Per anni si pensava che fossero i venti occidentali i principali responsabili della fusione dei ghiacci in Antartide occidentale. Una nuova ricerca pubblicata su Nature Geoscience ribalta lo scenario: il vero colpevole sarebbe il vento che arriva da Nord.
Lo studio che cambia le previsioni climatiche
Il team guidato da Gemma O’Connor dell’Università di Washington ha utilizzato simulazioni avanzate per analizzare la rapida perdita di massa glaciale nell’area del Mare di Amundsen, uno dei punti più fragili del continente bianco.
Le piattaforme di ghiaccio della zona si stanno sciogliendo a un ritmo molto più veloce di quanto previsto dal solo aumento della temperatura dell’aria. La causa? L’interazione tra venti e correnti oceaniche calde che aggrediscono i ghiacci dal basso.
Il ruolo delle polinie

Finora si riteneva che i venti occidentali fossero alla base del fenomeno, ma i nuovi modelli hanno puntato il dito altrove.

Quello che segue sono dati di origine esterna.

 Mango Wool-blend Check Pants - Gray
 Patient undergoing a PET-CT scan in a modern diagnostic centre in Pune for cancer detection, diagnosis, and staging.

I venti da Nord influenzano le cosiddette polinie, tratti di mare privi di ghiaccio che funzionano come valvole di sfogo del calore.

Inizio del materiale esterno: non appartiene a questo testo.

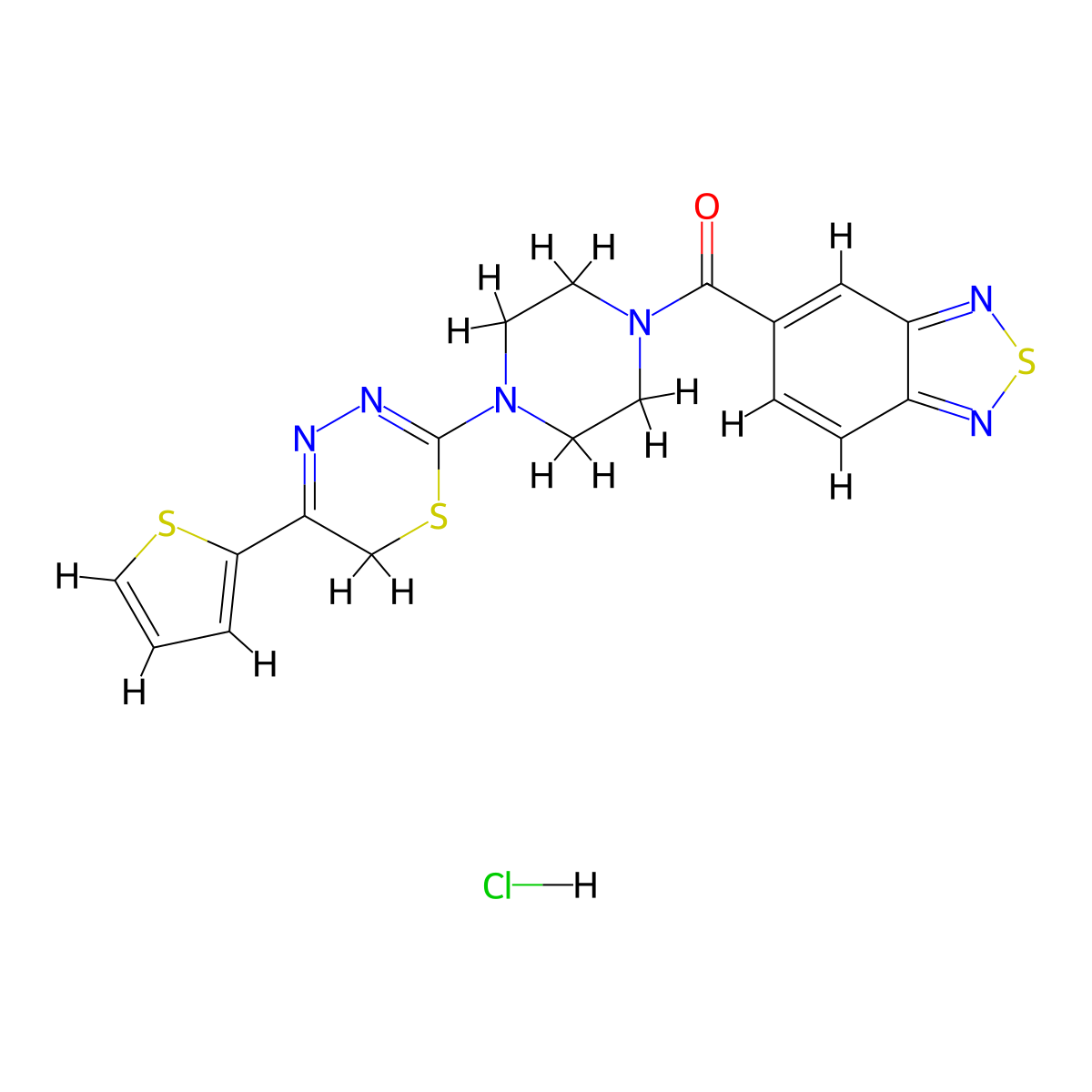 benzo[c][1,2,5]thiadiazol-5-yl(4-(5-(thiophen-2-yl)-6H-1,3,4-thiadiazin-2-yl)piperazin-1-yl)methanone hydrochloride molecular structure, CAS 1351615-34-3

Quando i venti settentrionali le chiudono, il calore resta intrappolato in mare e aumenta la temperatura dell’acqua, accelerando lo scioglimento delle piattaforme di ghiaccio sotto la superficie.
Kyle Armour, dell’Università del Wisconsin, spiega: «La riduzione delle polinie limita la dispersione del calore, così l’oceano resta più caldo e la fusione dei ghiacci accelera».
Un effetto a catena
Il problema non si ferma qui. Lo scioglimento del ghiaccio riversa acqua dolce nell’oceano, alterando la salinità e attirando altra acqua calda. Si genera così un circolo vizioso che amplifica il problema e può modificare la circolazione oceanica globale.
Perché questa scoperta è cruciale

Capire che i venti del Nord sono i veri protagonisti della fusione in Antartide occidentale significa rivedere le proiezioni sul futuro dei ghiacci e dell’innalzamento dei mari. Le piattaforme di ghiaccio che si sgretolano non solo fanno perdere “puntelli” naturali che rallentano il flusso dei ghiacciai verso il mare, ma possono anche accelerare l’aumento del livello oceanico a livello planetario.
Il nuovo studio rappresenta quindi un tassello fondamentale per i modelli climatici futuri e l’analisi delle dinamiche che minacciano la stabilità della calotta antartica.